▶ **Work to complete**:
Give back the listing in full and exactly, leaving out the images.

▶ **Data for analysis**:
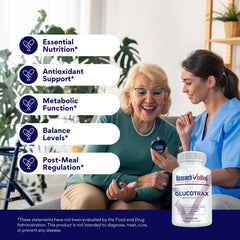Research Verified Glucotrax GMP facility label indicates quality manufacturing standards.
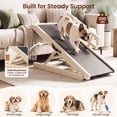 thumbnail image 3 of ABORON Folding Dog Ramp for Bed, 5-Level Adjustable Pet Ramp for Couch, Car and Sofa, Suitable for Small, Large and Senior Dogs and Cats, 3 of 7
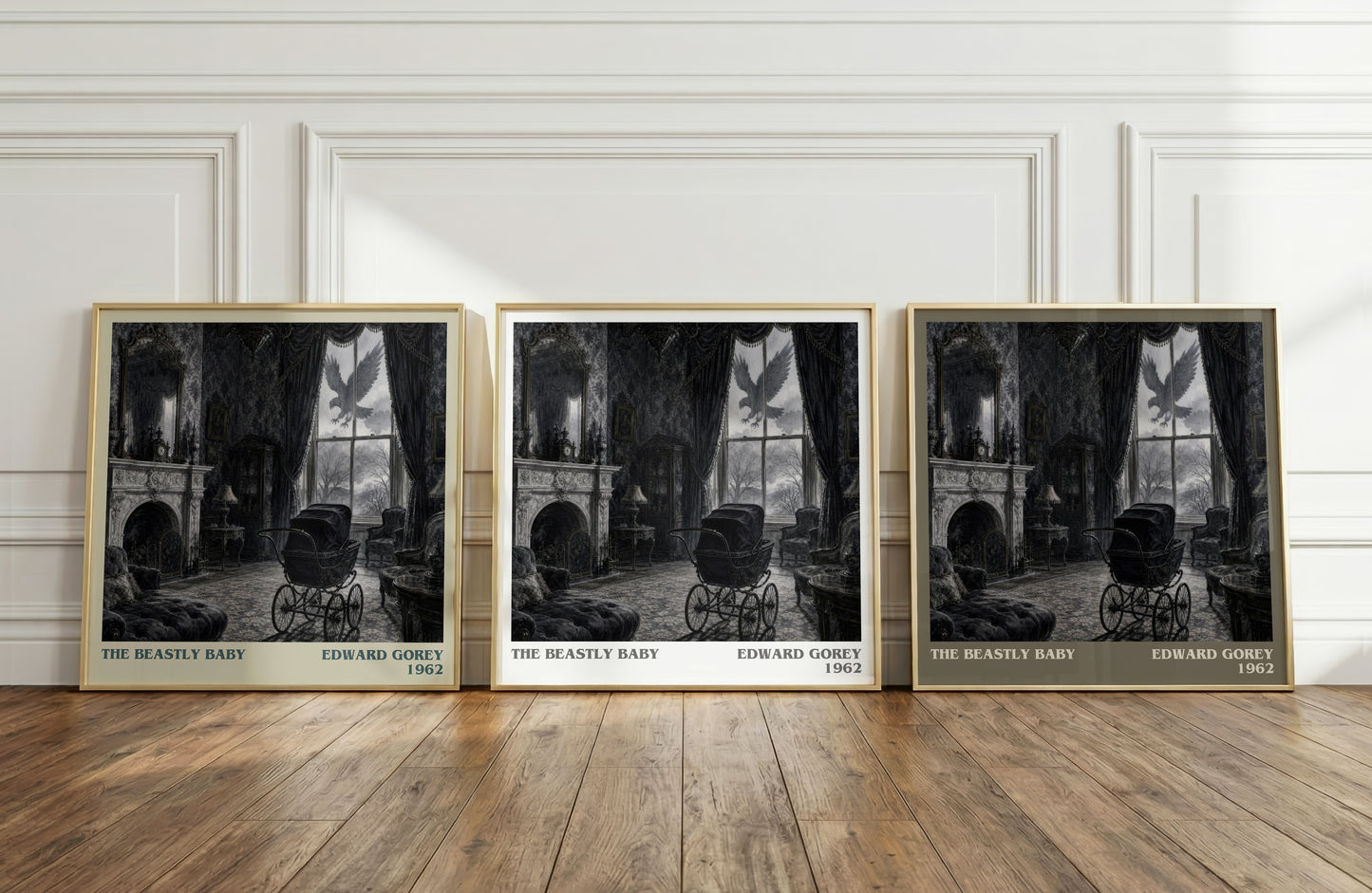 The Beastly Baby literary art print colour and style options – Edward Gorey book art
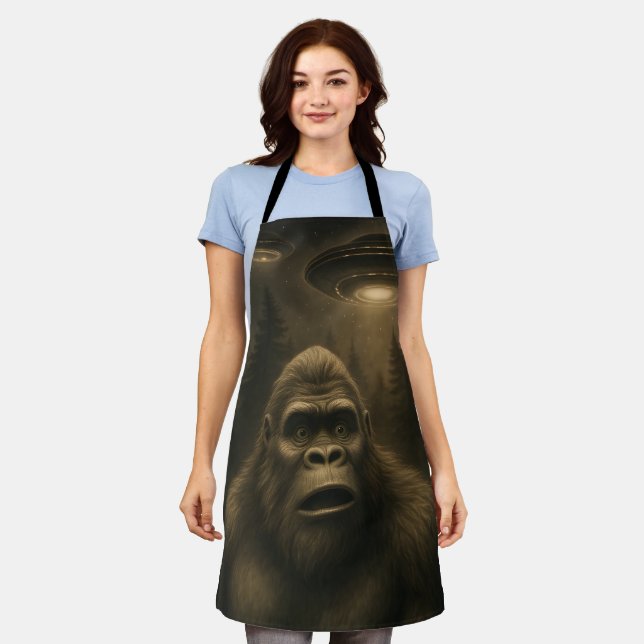 Delantal Bigfoot Sasquatch Alien UFO Funny (Gastado)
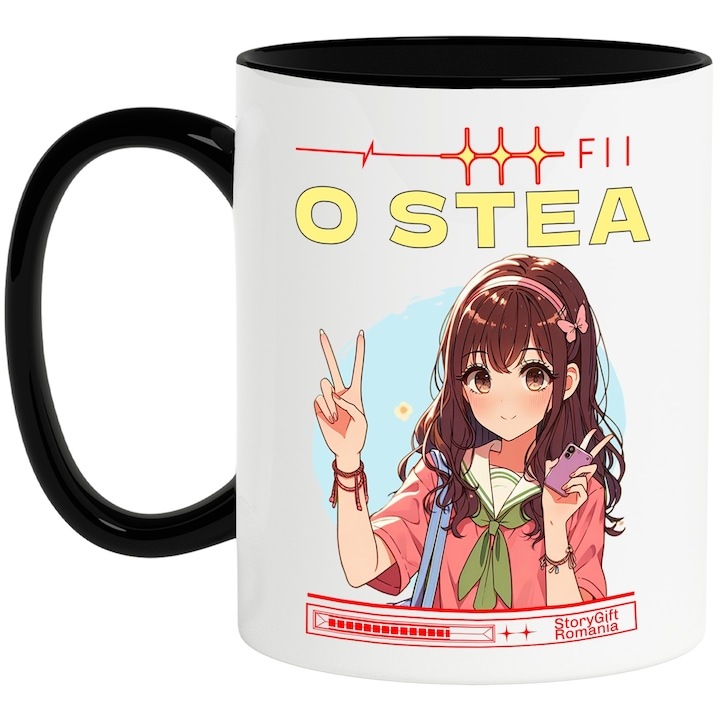 Cana alba personalizata, Fii o stea fata anime, semnul pace motivational, cu Maner Negru, INOVATIX®. 330ml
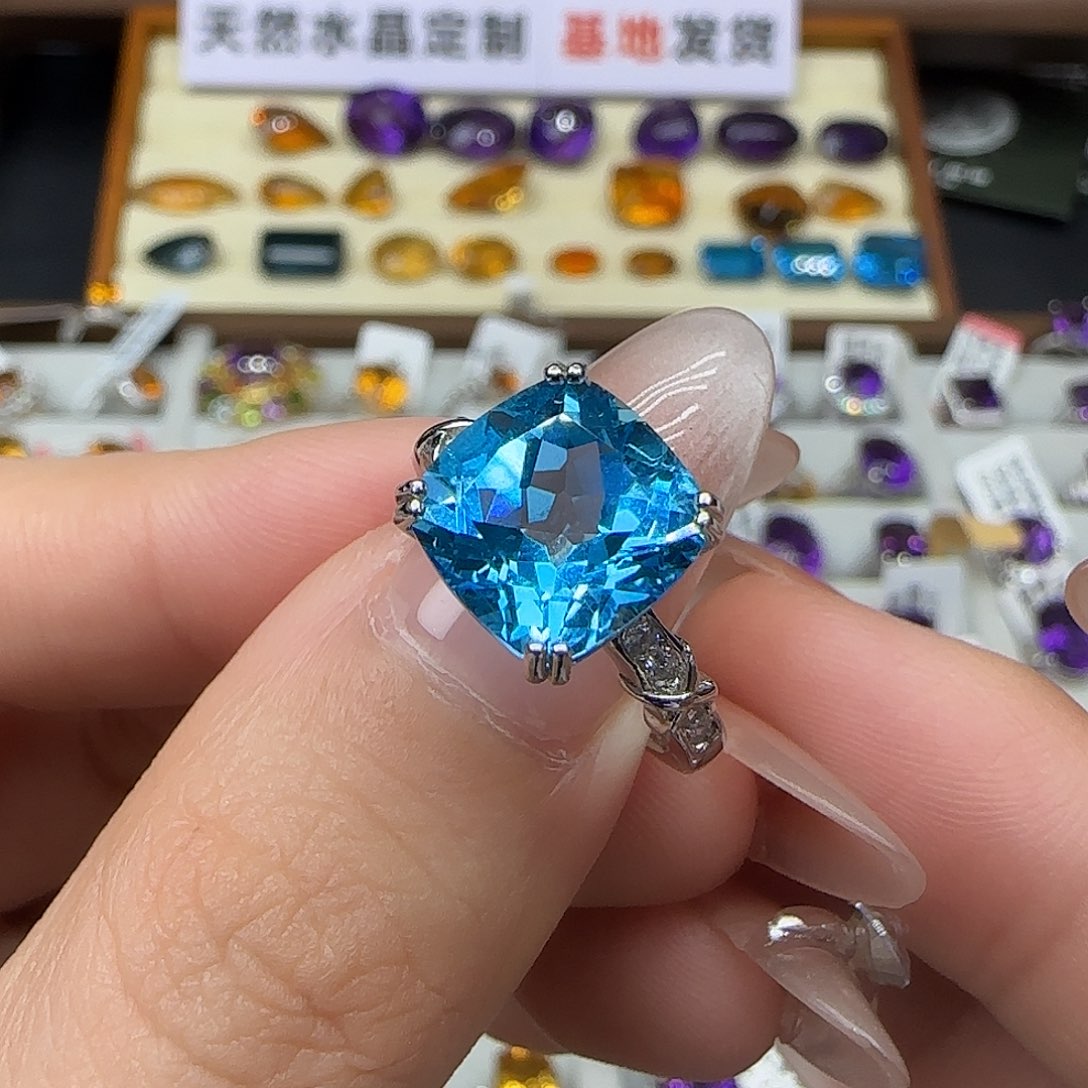 银S925镶嵌定制托帕石G 魔鬼蓝托帕石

▶ **Your response**:
Research Verified Glucotrax GMP facility label indicates quality manufacturing standards.
 thumbnail image 3 of ABORON Folding Dog Ramp for Bed, 5-Level Adjustable Pet Ramp for Couch, Car and Sofa, Suitable for Small, Large and Senior Dogs and Cats, 3 of 7
 The Beastly Baby literary art print colour and style options – Edward Gorey book art
 Delantal Bigfoot Sasquatch Alien UFO Funny (Gastado)
 Cana alba personalizata, Fii o stea fata anime, semnul pace motivational, cu Maner Negru, INOVATIX®. 330ml
 银S925镶嵌定制托帕石G 魔鬼蓝托帕石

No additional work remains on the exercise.